(Beginning of EXERCISE INPUT)

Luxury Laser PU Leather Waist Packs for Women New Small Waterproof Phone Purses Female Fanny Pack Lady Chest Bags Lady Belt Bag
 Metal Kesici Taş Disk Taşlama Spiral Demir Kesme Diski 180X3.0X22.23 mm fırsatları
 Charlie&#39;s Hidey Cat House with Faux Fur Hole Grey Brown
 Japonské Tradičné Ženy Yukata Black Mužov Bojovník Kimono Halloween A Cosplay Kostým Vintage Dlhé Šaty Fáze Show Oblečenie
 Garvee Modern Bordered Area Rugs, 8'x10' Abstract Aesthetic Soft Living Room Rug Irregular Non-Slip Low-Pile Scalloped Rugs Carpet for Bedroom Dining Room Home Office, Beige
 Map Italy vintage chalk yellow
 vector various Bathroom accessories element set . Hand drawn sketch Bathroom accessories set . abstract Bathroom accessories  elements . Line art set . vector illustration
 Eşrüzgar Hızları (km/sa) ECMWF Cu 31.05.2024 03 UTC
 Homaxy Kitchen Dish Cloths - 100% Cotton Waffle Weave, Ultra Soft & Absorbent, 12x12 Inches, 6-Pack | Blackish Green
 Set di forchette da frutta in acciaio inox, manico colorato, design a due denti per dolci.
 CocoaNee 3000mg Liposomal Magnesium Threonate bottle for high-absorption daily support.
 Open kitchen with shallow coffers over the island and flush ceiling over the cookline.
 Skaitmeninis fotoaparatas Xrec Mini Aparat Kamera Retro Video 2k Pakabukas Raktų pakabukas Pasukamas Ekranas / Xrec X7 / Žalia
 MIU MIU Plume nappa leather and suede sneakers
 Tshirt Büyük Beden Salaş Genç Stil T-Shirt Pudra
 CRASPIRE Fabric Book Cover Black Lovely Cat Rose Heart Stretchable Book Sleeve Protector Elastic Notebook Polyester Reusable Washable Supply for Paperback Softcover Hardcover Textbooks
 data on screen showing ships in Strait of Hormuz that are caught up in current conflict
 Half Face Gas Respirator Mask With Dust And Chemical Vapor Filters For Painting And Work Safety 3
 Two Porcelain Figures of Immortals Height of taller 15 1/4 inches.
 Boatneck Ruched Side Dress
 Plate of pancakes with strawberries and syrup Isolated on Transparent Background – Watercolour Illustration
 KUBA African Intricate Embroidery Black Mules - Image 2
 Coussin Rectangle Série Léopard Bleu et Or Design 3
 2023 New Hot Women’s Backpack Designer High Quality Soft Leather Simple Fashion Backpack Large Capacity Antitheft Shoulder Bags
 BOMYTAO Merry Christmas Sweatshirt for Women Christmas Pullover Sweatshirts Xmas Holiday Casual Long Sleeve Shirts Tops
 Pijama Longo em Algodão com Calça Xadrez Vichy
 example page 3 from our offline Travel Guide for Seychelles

(End of EXERCISE INPUT)

Only the lines from the one that contains "Garvee Modern Bordered" to the end of the entries above should be given again, exactly and in full.

 Garvee Modern Bordered Area Rugs, 8'x10' Abstract Aesthetic Soft Living Room Rug Irregular Non-Slip Low-Pile Scalloped Rugs Carpet for Bedroom Dining Room Home Office, Beige
 Map Italy vintage chalk yellow
 vector various Bathroom accessories element set . Hand drawn sketch Bathroom accessories set . abstract Bathroom accessories  elements . Line art set . vector illustration
 Eşrüzgar Hızları (km/sa) ECMWF Cu 31.05.2024 03 UTC
 Homaxy Kitchen Dish Cloths - 100% Cotton Waffle Weave, Ultra Soft & Absorbent, 12x12 Inches, 6-Pack | Blackish Green
 Set di forchette da frutta in acciaio inox, manico colorato, design a due denti per dolci.
 CocoaNee 3000mg Liposomal Magnesium Threonate bottle for high-absorption daily support.
 Open kitchen with shallow coffers over the island and flush ceiling over the cookline.
 Skaitmeninis fotoaparatas Xrec Mini Aparat Kamera Retro Video 2k Pakabukas Raktų pakabukas Pasukamas Ekranas / Xrec X7 / Žalia
 MIU MIU Plume nappa leather and suede sneakers
 Tshirt Büyük Beden Salaş Genç Stil T-Shirt Pudra
 CRASPIRE Fabric Book Cover Black Lovely Cat Rose Heart Stretchable Book Sleeve Protector Elastic Notebook Polyester Reusable Washable Supply for Paperback Softcover Hardcover Textbooks
 data on screen showing ships in Strait of Hormuz that are caught up in current conflict
 Half Face Gas Respirator Mask With Dust And Chemical Vapor Filters For Painting And Work Safety 3
 Two Porcelain Figures of Immortals Height of taller 15 1/4 inches.
 Boatneck Ruched Side Dress
 Plate of pancakes with strawberries and syrup Isolated on Transparent Background – Watercolour Illustration
 KUBA African Intricate Embroidery Black Mules - Image 2
 Coussin Rectangle Série Léopard Bleu et Or Design 3
 2023 New Hot Women’s Backpack Designer High Quality Soft Leather Simple Fashion Backpack Large Capacity Antitheft Shoulder Bags
 BOMYTAO Merry Christmas Sweatshirt for Women Christmas Pullover Sweatshirts Xmas Holiday Casual Long Sleeve Shirts Tops
 Pijama Longo em Algodão com Calça Xadrez Vichy
 example page 3 from our offline Travel Guide for Seychelles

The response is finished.